If that contractor is familiar with the company's digital transformation tools, Xander continued, "he can link right to [the] engineering shared drive and be able to get that detailed information in the palm of his hand. That makes his work so much easier, and he can be so much more efficient. It can be such a game-changer and an opportunity for the contractor."
For the turnaround manager, Xander said, the opportunity provided by digital transformation is equally significant.
"Instead of being in a situation where every day at one o'clock you have a scheduled update, you've already got the update. I can see it live without having a scheduled strategy meeting where we sit around and [ask], 'Why have we not closed that vessel yet? Why have we not finished this weld yet?'" Xander said. "That's a game-changer for me."
Xander reasoned that owners who are making an investment in a company's product rightfully question the influence of digital transformation on their return on investment.

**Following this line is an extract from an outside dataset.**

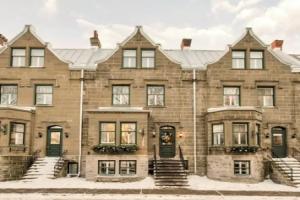 Hôtel Manoir Vieux Québec, Леви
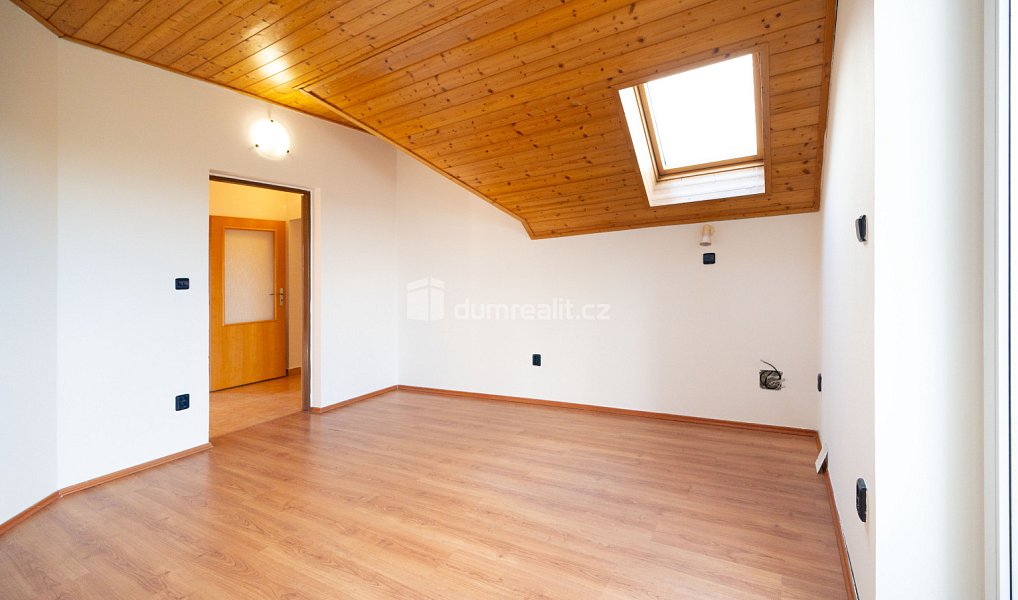 Prodej domu 253 m² s pozemkem 2 075 m², Dolní Třebonín – náhled fotky 31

"Are they getting days off the schedule? Are they getting fewer people, less safety risk?" Xander asked. "It really is a win for each of the organizations if it's done right."
A culture of participation
Billy Bardin, global digitization director for Dow Chemical, specified what organizations can do to bridge the gap between "the vision and the reality" and give more meaning to their corporate strategies.
"That's a very challenging question and very much related to the individual culture of the company," Bardin said. "You have to have the involvement and the initial buy-in of all those individuals who are involved in deploying and making the technology successful."
A number of individual groups and stakeholders are required to reach this goal, Bardin said.
"We try to set the broad, strategic objectives we're trying to solve and address. We try to improve our competitive position," he explained. "And then we let the sites innovate in those specific areas and allow them to come up with their ideas."